Sometimes I say to Dan that I wish I could remove everything from the house and start all over again, just bringing certain things in and giving other things a rest. Well, over the next two weeks we'll be doing just that. Everything has to come out of the dining room to house the rabbits and everything has to come out of the living room to house the workmen. It'll be fun shopping from the garage to bring the right bits and bobs back in.

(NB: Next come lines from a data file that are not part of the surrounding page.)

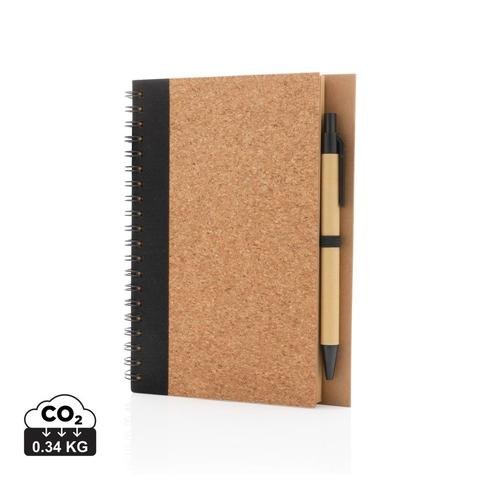 Cahier à spirales en liège avec stylo | Stylo,bloc-notes pas cher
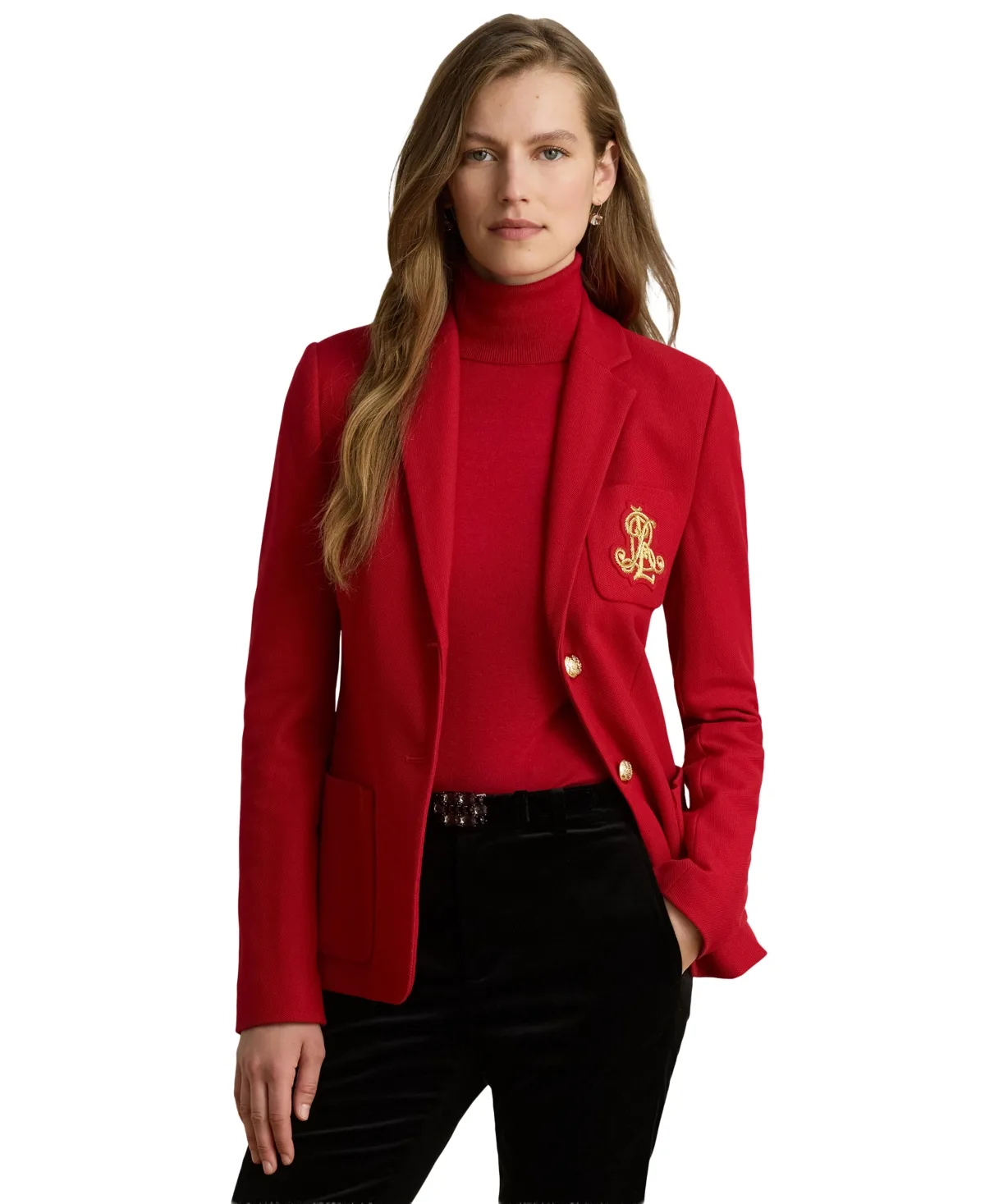 Lauren Ralph Lauren Petite Bullion Slim-Fit Stretch-Cotton Pique Shoulder-Pad Blazer by Ralph Lauren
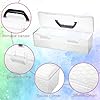 BTSKY 2 Pack Clear Plastic Painting Brush Container with Black Handle, Portable Long Paintbrush Case, Drawing Tools Storage Box, Practical Art Supply Organizer for Artist Crafters, 14x4.7x4.3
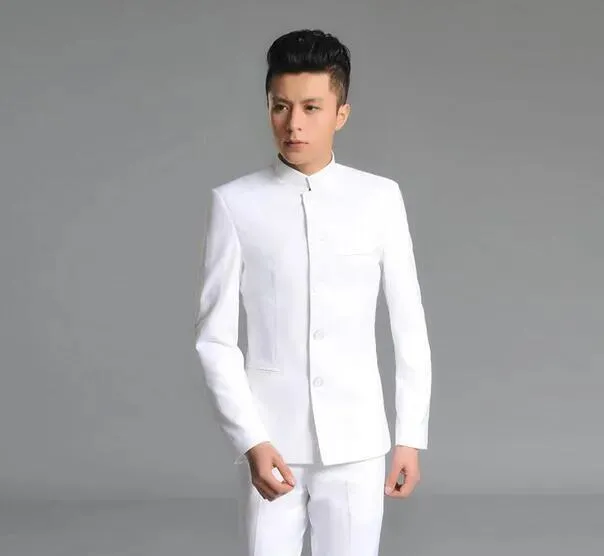 Blazer GroßhandelStehkragen chinesischer Tunika-Anzug Herrenanzug-Set Neueste Mantel-Hose-Designs Kleidanzüge für Männer Hochzeit Bräutigam Herrenanzüge mit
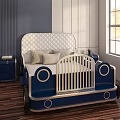Blue Kids Bed With White Tufted Headboard And Metal Railings In Bedroom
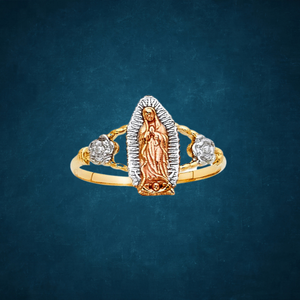 Anillos de tres tonos de moda con estilo de alta calidad, ajuste de incrustaciones cristianas de la madre María para hombres y mujeres, uso diario clásico - Product Image 2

This is a bit negative so forgive me. Yesterday we went to see Dan's mum, prior to that we went to look for a new duvet cover (Dan's idea) so we asked his mum if she wanted to come, knowing full well she'd say no. But we ask anyway. We bought a duvet, which means the much stitched and otherwise repaired cheap one (well, really it was free as I bought it with a giftcard I received one Christmas) can be retired and used as a dust sheet when everything goes into the garage next week.
I am finding it near impossible to spend time with Dan's mum at the minute, the negativity is overwhelming to me and because nothing will change it's exceptionally frustrating and I just find it difficult to cope when I'm around her. Yes, I know that's horrible, I am trying to let it wash over me and work on my feelings.

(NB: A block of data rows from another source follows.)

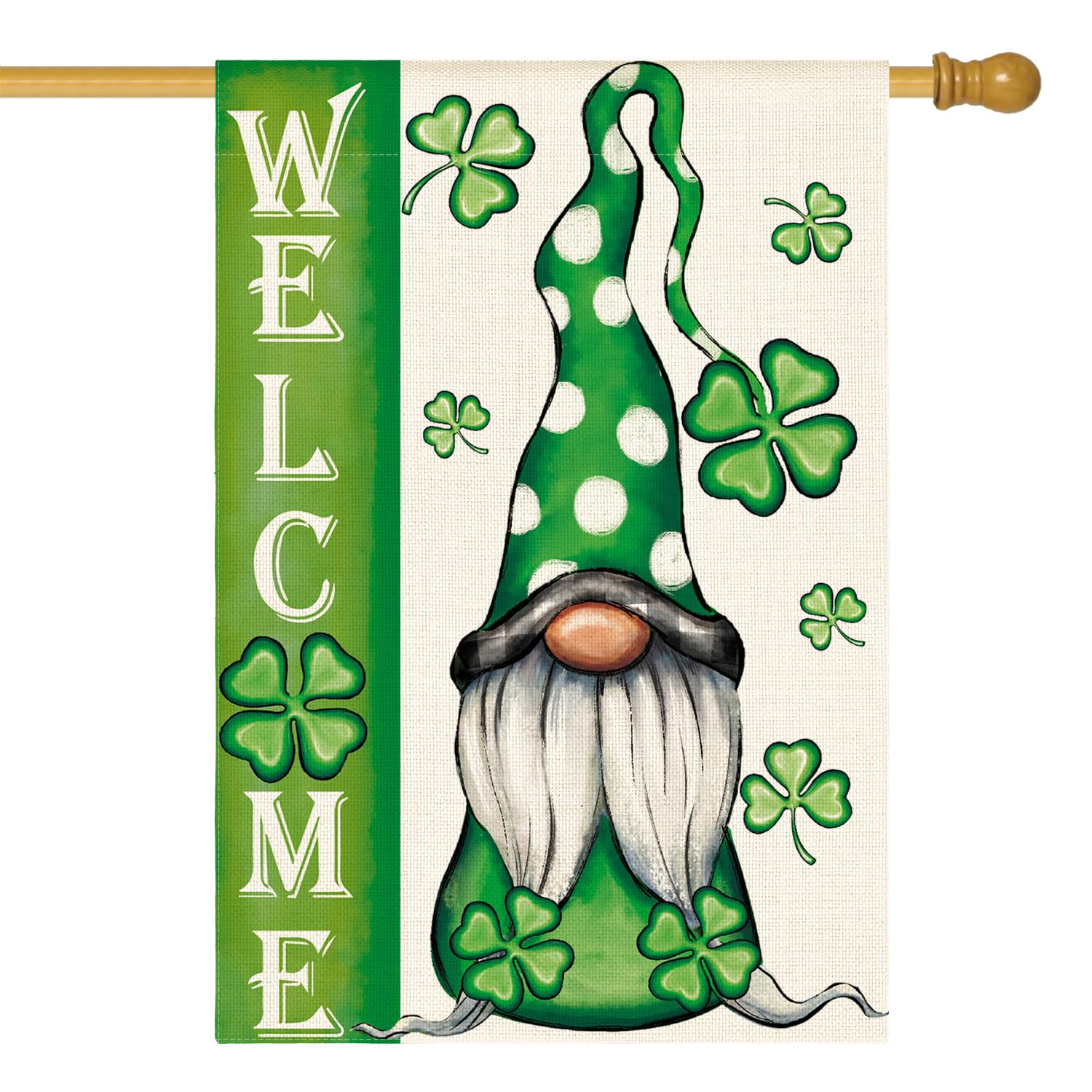 Drapeau St Patrick grand format vertical pour animer votre jardin en mars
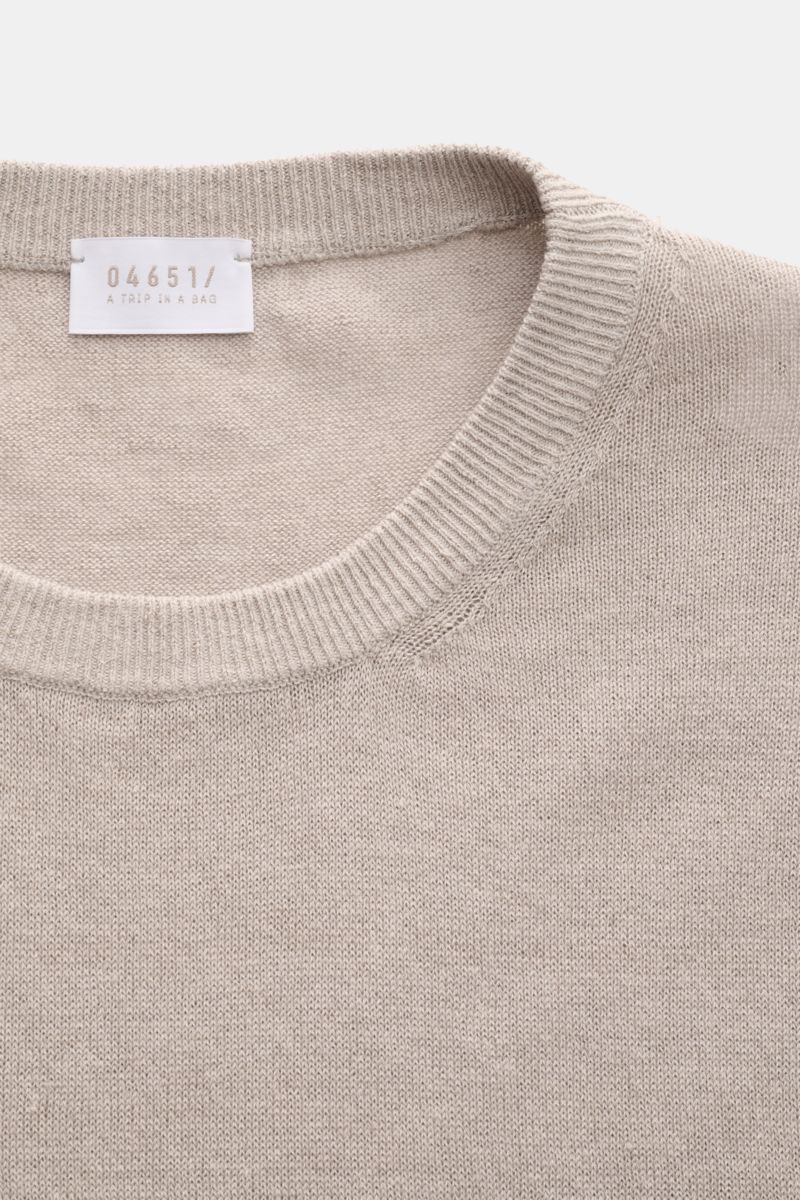 04651/ A trip in a bag Rundhalspullover 'Piping Crew' taupe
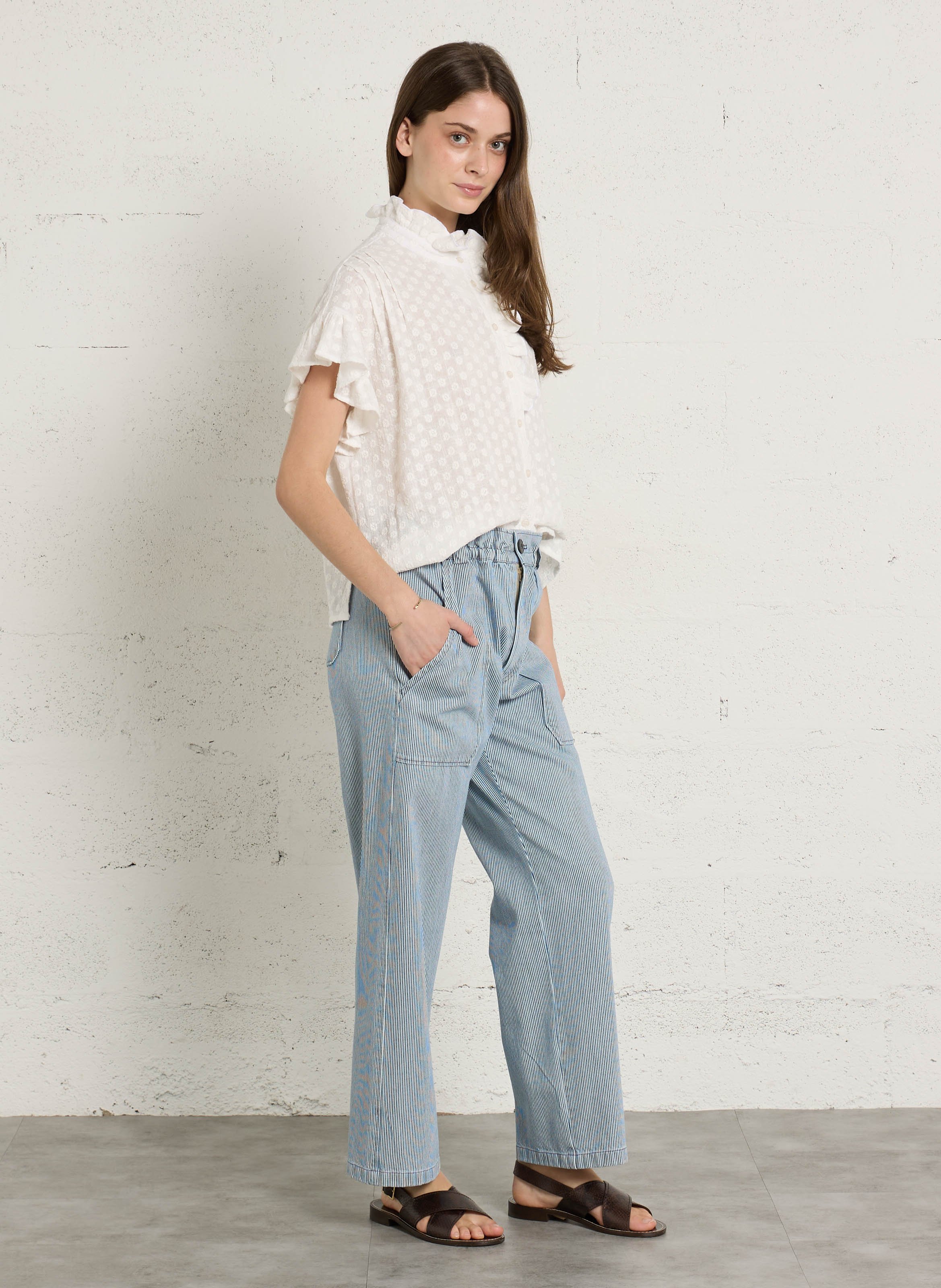 Chemise col montant en coton SUZIE WINKLE Blanc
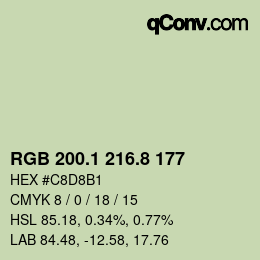 Código de color: RGB 200.1 216.8 177 | qconv.com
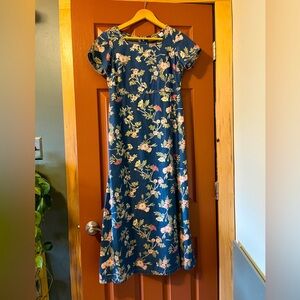 Vintage Liz Claiborne Denim Floral Dress - 4 Petite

One positive from it all is that it's motivating me to not become like that, so I can aim to keep my world large, to look outwards and to keep my mind as open as possible.
Dan has already been asking me what I'd like to do for my birthday, as I am 40 next time round. Obviously my world is smaller than a lot of people my age because we can't leave the buns, but I don't want my life to stand still, I don't want to be stuck in a timewarp where the time I was happiest was 30-odd years ago. I'm not going to be jumping out of a plane or starting my own multi-national business but I can do all those little things that make life better. I may want to live inside my comfort zone, but even that can change and adapt.